I am always encouraged when I come across people of faith from history who also devoted serious study to mathematics and recognized how the two can be integrated. So while my knowledge of Nicholas is very limited (how well do you someone you just met?), I thought I would pass along what I found for anyone who is interested in examining his works further.

Nicholas is most known for his work De Docta Ignorantia, which is roughly translated “On Informed/Learned Ignorance.” Or perhaps another way to phrase it: “Recognizing the Limitations of Knowledge.” Nicholas used mathematical analogies to show that truth can be approached, but never fully reached (or comprehended).

While I believe Truth can be reached (as long as He reaches out to us), I also believe it is healthy to recognize our inability to fully understand it. I wrote in a previous post about the need for Christian humility in our mathematical scholarship.

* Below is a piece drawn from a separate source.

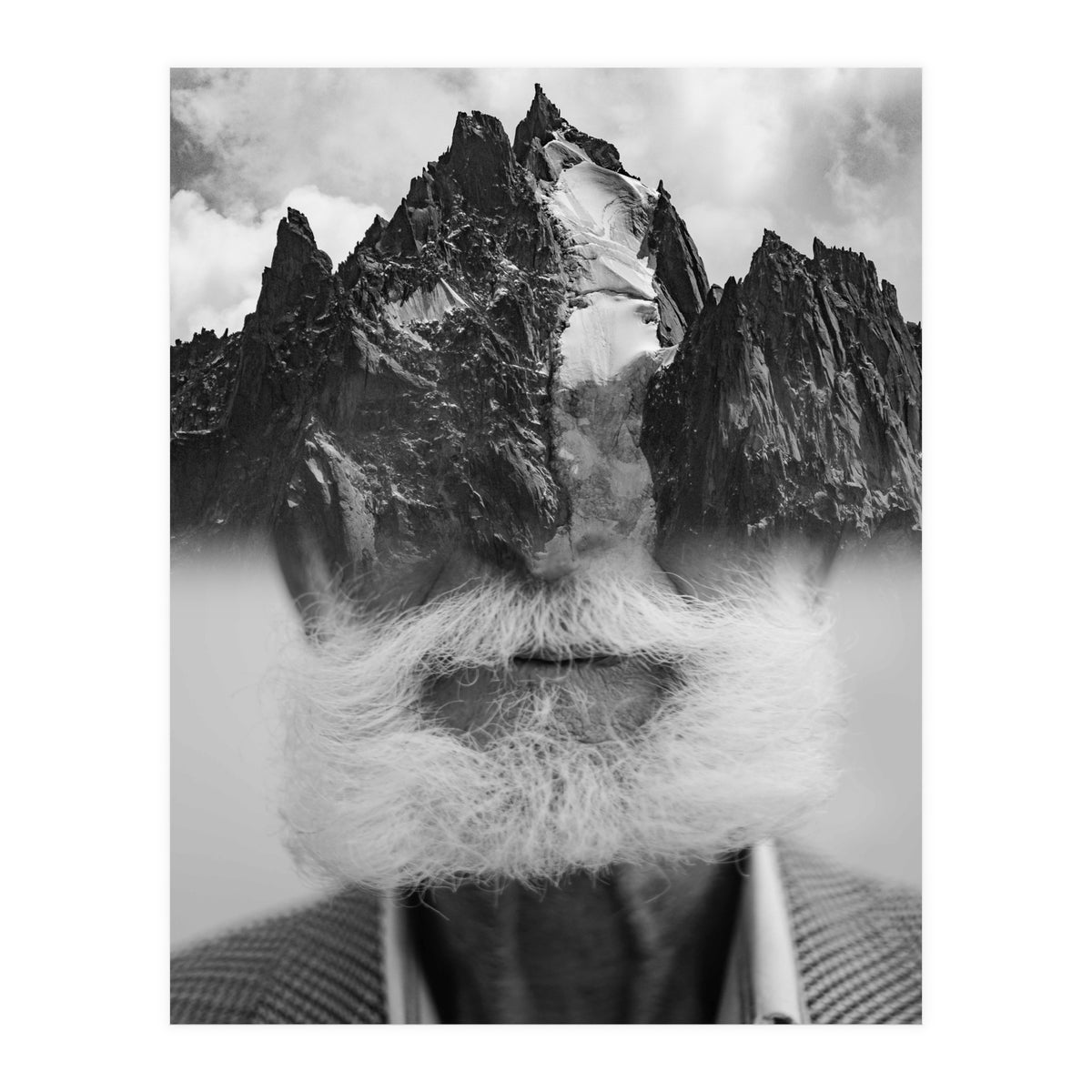 Der Mann Am Berg (Print Only)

The following are some quotes from De Docta Ignorantia:

If we achieve this, we shall have attained to a state of informed ignorance. For even he who is most greedy for knowledge can achieve no greater perfection than to be thoroughly aware of his own ignorance in his particular field. The more be known, the more aware he will be of his ignorance. It is for that reason that I have taken the trouble to write a little about informed ignorance. …

Thus wise men have been right in taking examples of things which can be investigated with the mind from the field of mathematics, and not one of the Ancients who is considered of real importance approached a difficult problem except by way of the mathematical analogy. That is why Boethius, the greatest scholar among the Romans, said that for a man entirely unversed in mathematics, knowledge of the Divine was unattainable. …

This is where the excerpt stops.